» Description of the task
Omit the images. Restate all of the records word for word.

○ ○ ○ ○ ○

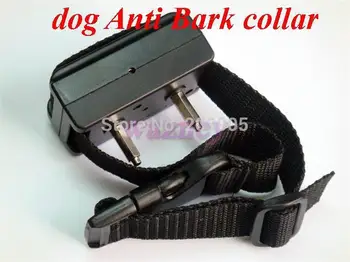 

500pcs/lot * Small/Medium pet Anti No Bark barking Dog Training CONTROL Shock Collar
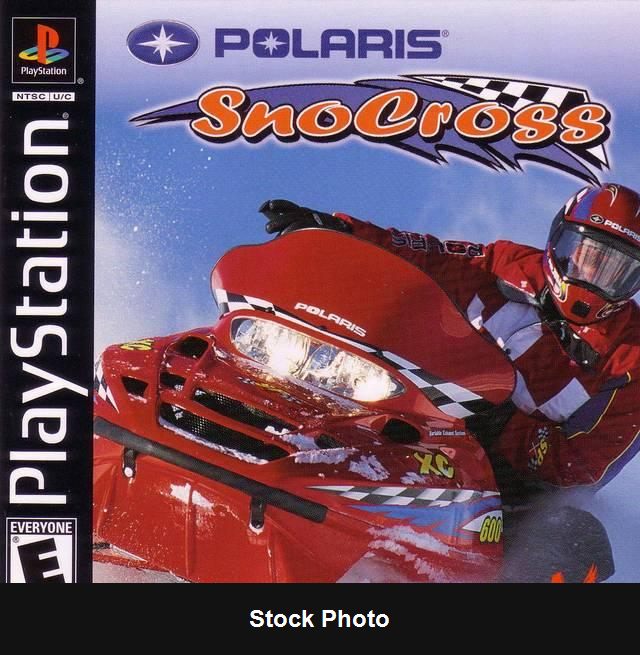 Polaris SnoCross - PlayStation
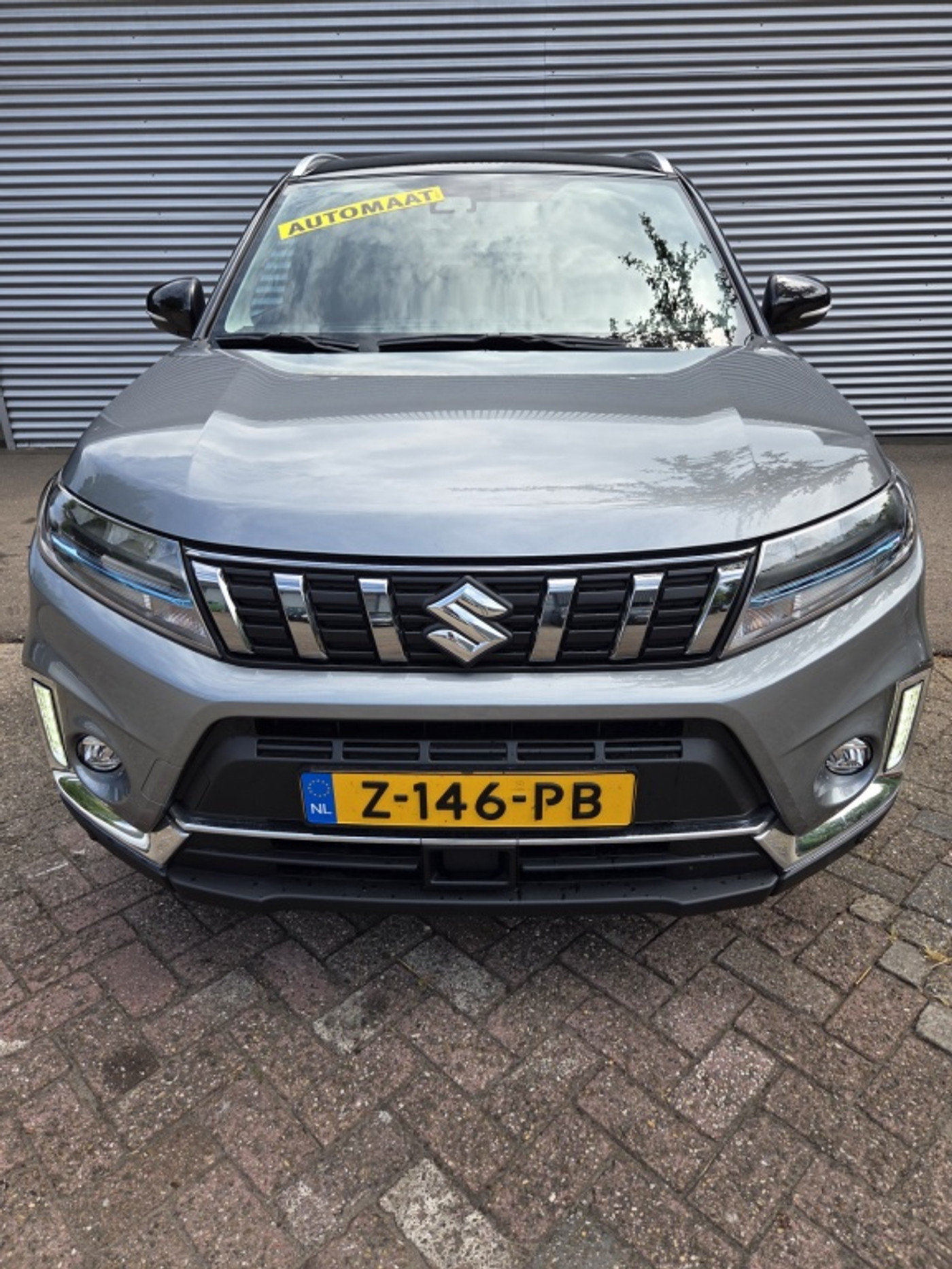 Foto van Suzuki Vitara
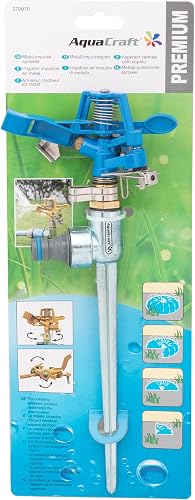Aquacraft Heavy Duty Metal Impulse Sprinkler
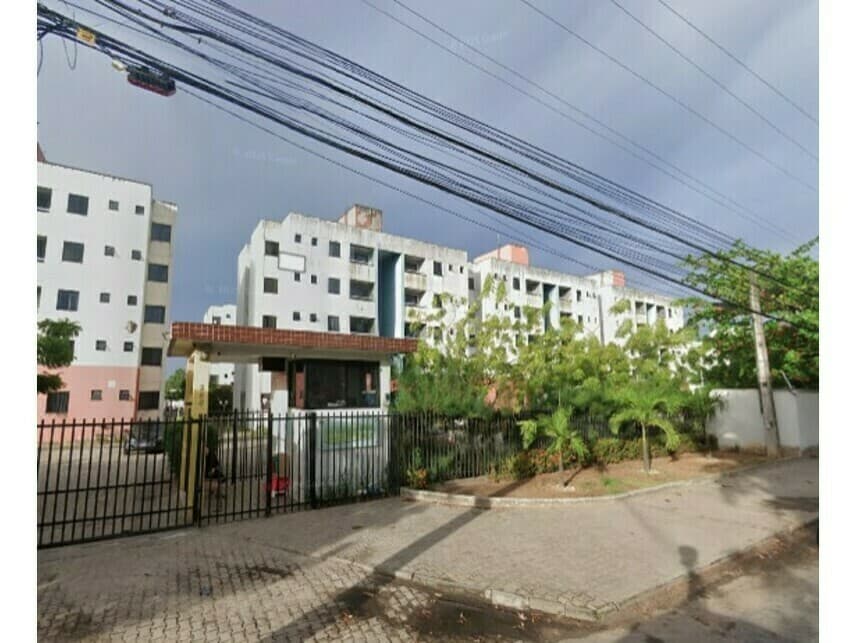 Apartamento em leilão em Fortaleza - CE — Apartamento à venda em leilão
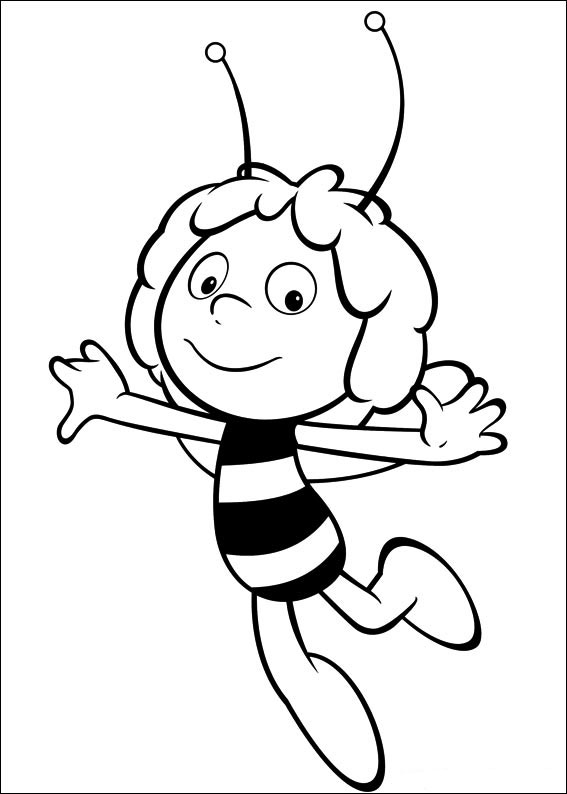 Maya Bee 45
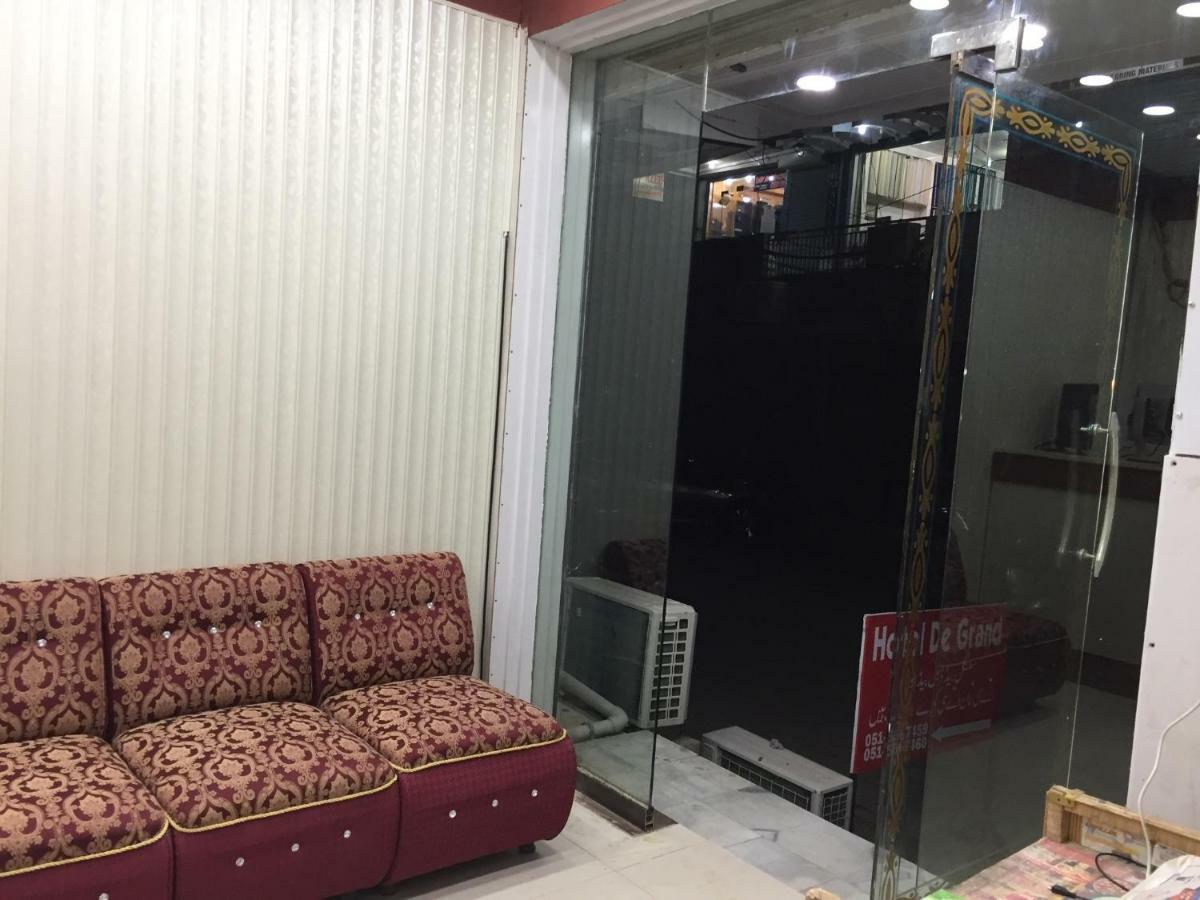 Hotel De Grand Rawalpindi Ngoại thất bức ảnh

○ ○ ○ ○ ○

» Answer area
500pcs/lot * Small/Medium pet Anti No Bark barking Dog Training CONTROL Shock Collar
 Polaris SnoCross - PlayStation
 Foto van Suzuki Vitara
Aquacraft Heavy Duty Metal Impulse Sprinkler
 Apartamento em leilão em Fortaleza - CE — Apartamento à venda em leilão
 Maya Bee 45
 Hotel De Grand Rawalpindi Ngoại thất bức ảnh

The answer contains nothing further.